ReplyDeleteYes it could. Which is what those of us who believe that craft beer is in a bit of a bubble are arguing.
Hey, HEY. No using my own arguments against me. :-)
ReplyDeleteUnofficial blog motto: I promise opinion, not consistency of opinion.
What makes you think that the extra craft value is what edges small brewers into profitability? After all, there is no evidence of any actual struggles short of the incompetent.
ReplyDeleteMillerCoors charges as much for the sours and bourbon barrel stuff, but they do it by releasing it under the AC Golden moniker. Or something similar to that. Guess that actually proves your point in that they needed to invent a brewery name to sell their beers at a higher price point.
ReplyDeleteHotD Dave is a bad example to use. The $2000 price tag is for charity, not just beer.
ReplyDeleteTime spent in barrels is somewhat extrinsic since that knowledge may influence our perceptions. All you have to do is put BA infront of a beer these days and it gets everyone's attention.
ReplyDeleteThe cost of production isn't always related to how the beer tastes. I follow your observations but I don't agree with the degree of caution that you've argued. AB will never be able to provide extrinsic value to me (funny Super Bowl commericials et al).
Alan, my point is that if small brewers had to compete based on price with no market differentiation, they'd get killed. The economies of scale are what drove brewing to get gigantic in the first place. When beer is treated as a commodity and the market is hugely price-sensitive, breweries need to cut costs to the bone. In that environment small brewers are always at a disadvantage.
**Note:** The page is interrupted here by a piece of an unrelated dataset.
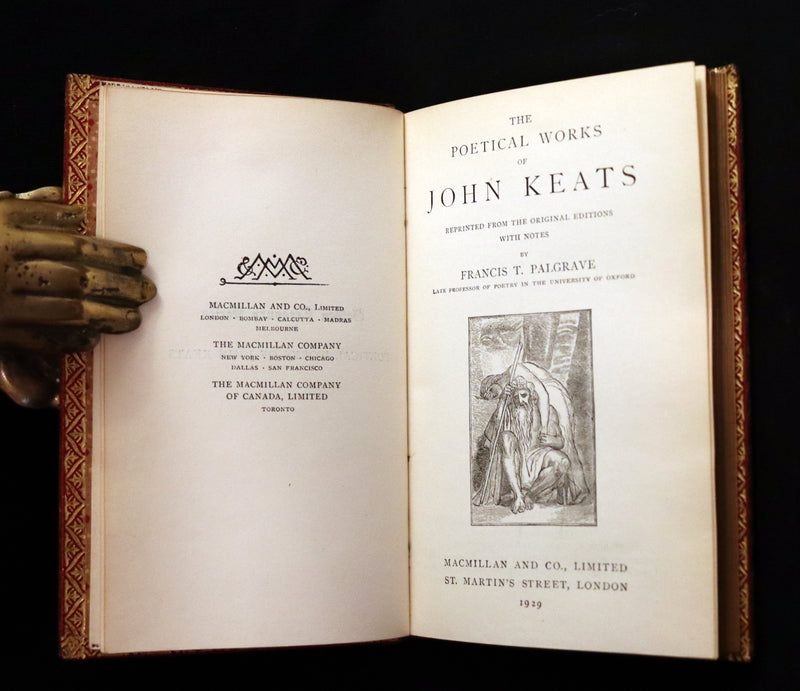 1929 Beautiful Book bound by Riviere & Son - The Poetical Works of John Keats. Ode on Melancholy.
ReplyDeleteRob, what happens if you flip it. AB may never provide extrinsic value, but will craft breweries always provide it? Once they begin to get sold off or absorbed by large companies (see Anchor, Pyramid, Boulevard, and Goose Island as examples/models), what happens to their extrinsic value? That's more what I''m talking about.
I don't think your giving either the big guys or the little guys much credit here. The economies of scale are ever prevalent in "craft" beer as they are with the big guys, even if the sizes are not even close. More and more craft breweries are pushing growth (New Belgium, Deschutes, etc) in order to cut the cost of manufacturing their beer. This doesn't drop the price though for craft beer.
ReplyDeleteAlso scale only played a small part in the death of smaller breweries prior to prohibition. The biggest blockades were government regulation, some of which was put their by the big guys to up the ante for joining their club.
The extrinsic value in "craft" beer is what allows poor brewers and/or businessmen to stay afloat. It's what allows small brewers to offer decent pay and benefits. It's also what lines lines the pockets of investors and CEO's for some of the more popular. I don't think the extrinsic value of craft benefits beer in terms of actual value except to offer a incredibly ridiculous amount of choice.